His songs were conversational, casual and -- particularly in the early solo years -- gossamer, sometimes to the point of novelty ("Everybody Loves to Cha Cha Cha").
Cooke had a knack for the effortless hook, the simple story. Guralnick describes the singer writing "Touch the Hem of His Garment," a hit for Cooke's mid-'50s gospel group, the Soul Stirrers. The Stirrers were riding in a car with producer Bumps Blackwell on the way to a recording session and had little material.
"So Sam said, 'Well, hand me the Bible,' " Blackwell recalls in "Dream Boogie." "And they handed Sam the Bible, and he was thumbing through it, skipping over it and skimming through it, and he said, 'I got one. Here it is right here.' " At which point, Guralnick continues, Cooke wrote the song on the spot.
'Something's going to happen'
Peter Guralnick worked on his Sam Cooke biography for almost 15 years -- and had it in his mind for many more.
His songs, performed hopefully -- even downbeat tunes such as "Sad Mood" and "Chain Gang" -- often belie the conditions of Cooke's working life.
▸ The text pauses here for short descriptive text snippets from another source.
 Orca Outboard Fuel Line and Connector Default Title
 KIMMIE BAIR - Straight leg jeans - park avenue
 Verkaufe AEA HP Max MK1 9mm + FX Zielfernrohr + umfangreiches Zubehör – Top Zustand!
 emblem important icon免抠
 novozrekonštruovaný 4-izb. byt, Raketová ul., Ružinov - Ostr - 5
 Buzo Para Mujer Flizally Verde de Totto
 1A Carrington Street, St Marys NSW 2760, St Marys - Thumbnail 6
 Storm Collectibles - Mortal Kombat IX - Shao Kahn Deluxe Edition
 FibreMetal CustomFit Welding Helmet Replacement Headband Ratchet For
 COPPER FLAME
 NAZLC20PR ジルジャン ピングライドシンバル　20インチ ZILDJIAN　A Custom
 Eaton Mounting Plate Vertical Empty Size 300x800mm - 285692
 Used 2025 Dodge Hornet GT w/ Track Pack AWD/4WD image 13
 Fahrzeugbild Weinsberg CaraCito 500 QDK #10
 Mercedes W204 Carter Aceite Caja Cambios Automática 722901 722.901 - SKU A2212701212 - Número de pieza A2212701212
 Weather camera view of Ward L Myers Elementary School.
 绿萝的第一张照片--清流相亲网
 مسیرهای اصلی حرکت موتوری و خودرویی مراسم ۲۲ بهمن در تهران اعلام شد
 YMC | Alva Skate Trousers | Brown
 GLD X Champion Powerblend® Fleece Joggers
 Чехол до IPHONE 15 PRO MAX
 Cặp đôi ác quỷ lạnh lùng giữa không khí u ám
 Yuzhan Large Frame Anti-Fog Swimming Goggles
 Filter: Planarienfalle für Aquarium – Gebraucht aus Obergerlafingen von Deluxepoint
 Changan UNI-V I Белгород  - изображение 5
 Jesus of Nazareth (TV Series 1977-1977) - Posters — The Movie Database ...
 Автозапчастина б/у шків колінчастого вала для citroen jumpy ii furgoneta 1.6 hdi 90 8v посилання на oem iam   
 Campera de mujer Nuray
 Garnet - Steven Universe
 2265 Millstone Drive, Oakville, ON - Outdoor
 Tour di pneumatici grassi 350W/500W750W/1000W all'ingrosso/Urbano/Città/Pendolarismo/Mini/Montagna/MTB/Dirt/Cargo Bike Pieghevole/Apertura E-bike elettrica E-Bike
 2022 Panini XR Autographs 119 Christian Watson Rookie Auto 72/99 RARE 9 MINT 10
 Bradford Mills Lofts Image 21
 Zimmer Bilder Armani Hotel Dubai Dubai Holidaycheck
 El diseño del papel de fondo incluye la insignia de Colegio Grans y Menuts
As a black man, he was segregated from hotels, restaurants and concert venues -- particularly in a Jim Crow South just awakening to the civil rights movement, which forms a parallel story in Guralnick's book.
Cooke also wanted to appeal to the widest possible audience, and it wasn't until well into his solo career that he made a conscious effort to add gospel flavorings to his pop releases, particularly the call-and-response of "Bring It On Home to Me."
"When he went pop, he consciously bleached out the sound with 'You Send Me' [and others]. It was not accidental," Guralnick says.
But Cooke was always growing, perhaps most notably in one of his most stunning songs (and greatest performances), "A Change Is Gonna Come." The song "just came to me," Cooke once recalled, and it electrified others with its bold lyrics and passionate melody.
It also scared him; the song seemed to have rushed to life from his most vulnerable places.
"That really bothered him -- where it came from -- and also, he was afraid he had gone beyond his audience," Guralnick says.
(Cooke held off on recording the song for months; it wasn't released until after his death.)
"He knew it was a song he had to record, but he said he was never going to sing it [live]." (He did, but not much.)
His friend Bobby Womack felt something else, an ominousness. "It feels eerie, like something's going to happen," he told Cooke.
Guralnick shrugs off Womack's darker premonitions, but there's no question the song, at once elegiac and defiant, seems to represent a turning point. "It's highly suggestive in various ways," Guralnick says. Besides being one of Cooke's most personal songs, it became a theme of the civil rights movement.
By the time he wrote "Change," Cooke was starting to feel some strain. He had big ideas for his future -- he was starting to develop inner-city talent in Los Angeles -- yet he was struggling with emotional scars: His only son had died in a drowning accident in June 1963, and his often-rocky marriage to Barbara was falling apart. Cooke was drinking more and becoming increasingly rootless.
It culminated in that night in December 1964, when Cooke went to the Hacienda Hotel with a strange woman and ended up dead, shot by the hotel manager. Guralnick presents the story as plainly as possible, though mysteries remain: Cooke's behavior, what happened to a large bankroll he was assumed to carry around, inconsistencies with testimony. The answers, nearly 41 years later, are likely unknowable.
Much like Sam Cooke himself, a man apart.
Guralnick says that even his closest colleagues still talk about him with a sense of respect. "They looked up to him. Even Barbara -- she's still trying to understand Sam. And J.W. -- Sam was the person he'd liked to have been."
Because, while he was alive, Cooke lived every moment to the fullest.
"I don't even know why I do what I do," he told Bobby Womack. "When I do it, it just comes."